:: Problem description ::
Using the entries that follow, write out the line containing "Slika detalja cvijeta (150x105 cm)", the line containing "урожай! чеснок, крыжовник, смородина", and every line between them, exactly and nothing else.

:: Material for the task ::
☆ ☆ ☆ ☆

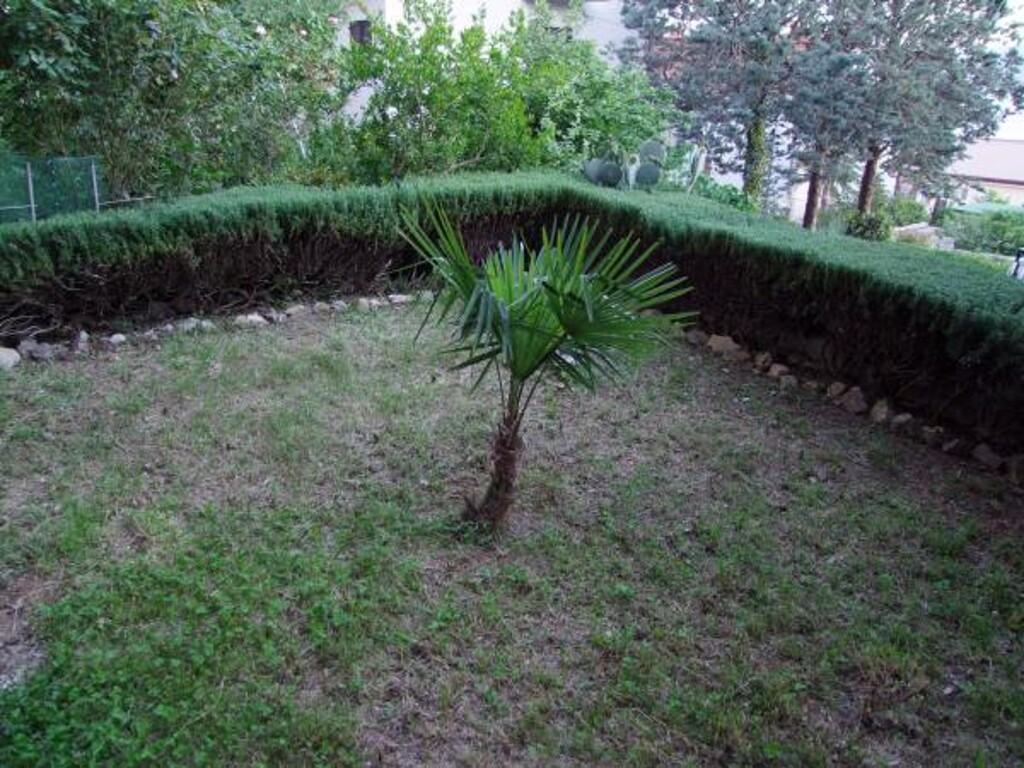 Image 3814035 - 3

☆ ☆ ☆ ☆

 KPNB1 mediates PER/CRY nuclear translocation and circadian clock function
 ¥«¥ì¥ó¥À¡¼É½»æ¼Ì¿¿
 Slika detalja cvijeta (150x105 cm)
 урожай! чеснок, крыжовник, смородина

☆ ☆ ☆ ☆

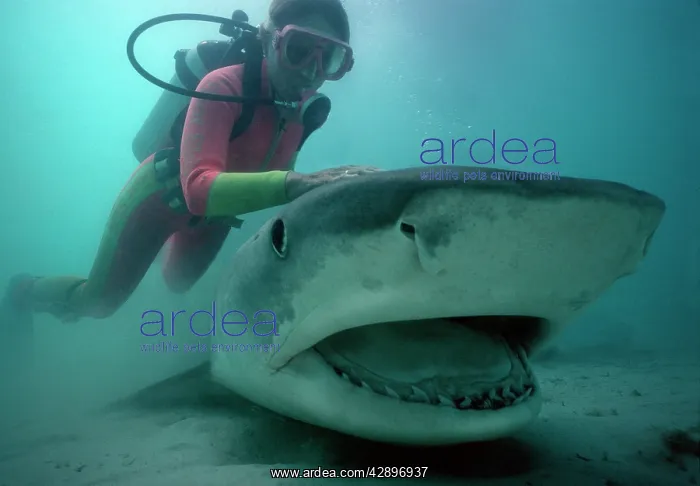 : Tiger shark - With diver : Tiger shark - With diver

☆ ☆ ☆ ☆

:: Written response ::
 Slika detalja cvijeta (150x105 cm)
 урожай! чеснок, крыжовник, смородина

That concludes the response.